Your design looks fine; as for your concluding question ...
if we move from solely web based and
added any type of API that required
authorization on the service level
that there would end up alot of
duplication of access checking or is
that perfectly acceptable to verify
twice and should be designed for up
front?
The answer is emphatically yes - you may even want to verify permissions more often than that, even when these checks are semi-redundant. I can think of at least three times I'd check security in a typical web application (with role-based security requirements):
First, inside your business layer - to ensure security is applied no matter what the execution context.
Second, when creating the view itself (or its presenter), it's important to make sure users only see features for which they have permission - both for security reasons and so they don't waste their time.

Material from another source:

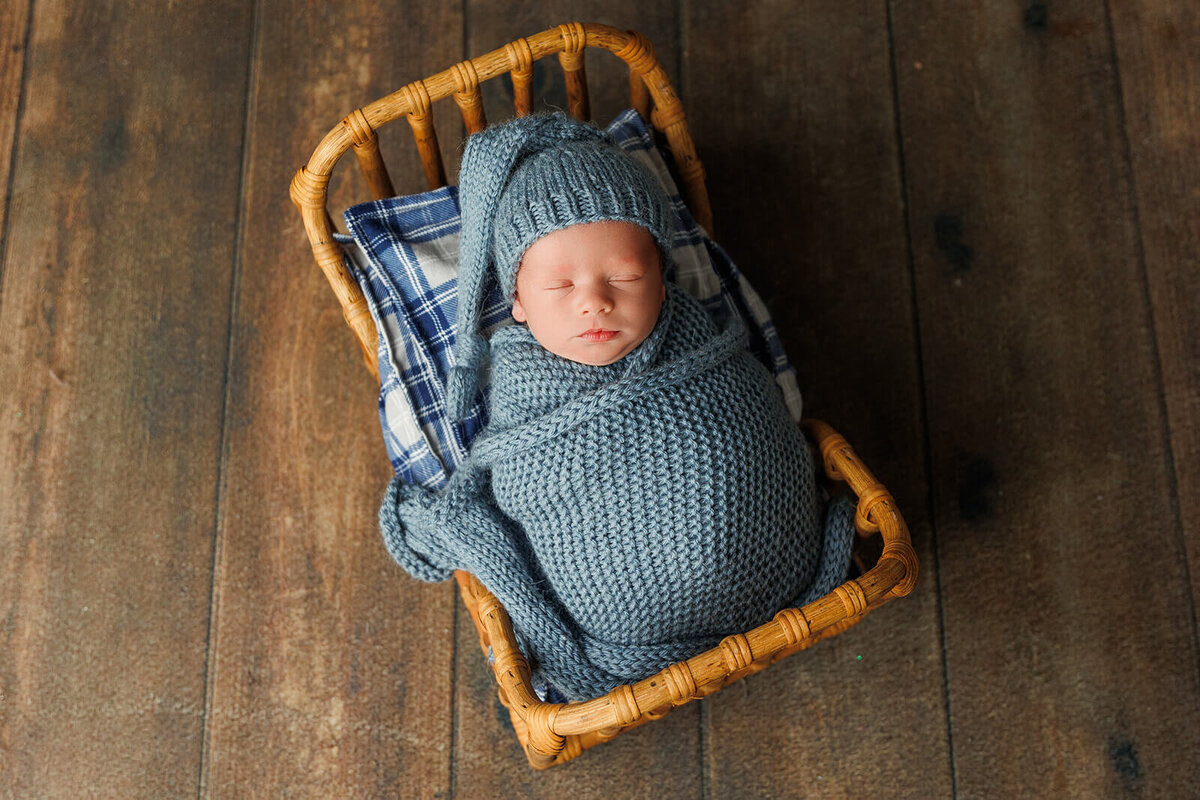 A peaceful newborn, swaddled in a soft blue knitted blanket with a matching hat, lies in a woven basket lined with a plaid fabric. The setting features rustic wooden flooring that adds warmth to the serene scene.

Third, when constructing menus to make sure that users don't see functionality that they don't have permission to use. Again, this is for both security and usability reasons. You don't want to distract users with features they can't use, if you can help it.
The View should handles just the UI. It should setup the dialog/form/controls however you need it. When the user tries to authorize hand the data off to the presenter.
The presenter then should take that data and validate it using the API and model exposed from the model.
In my CAD/CAM application the actual API reside in lowest of my application the utility assembly. I wrap and interface around it so that if I chance my security API the upper levels do not see anything different. The Utility tells me if the entered information is valid or not and what level of security to grant the person.
Any more specific depends on the exact security API you are using.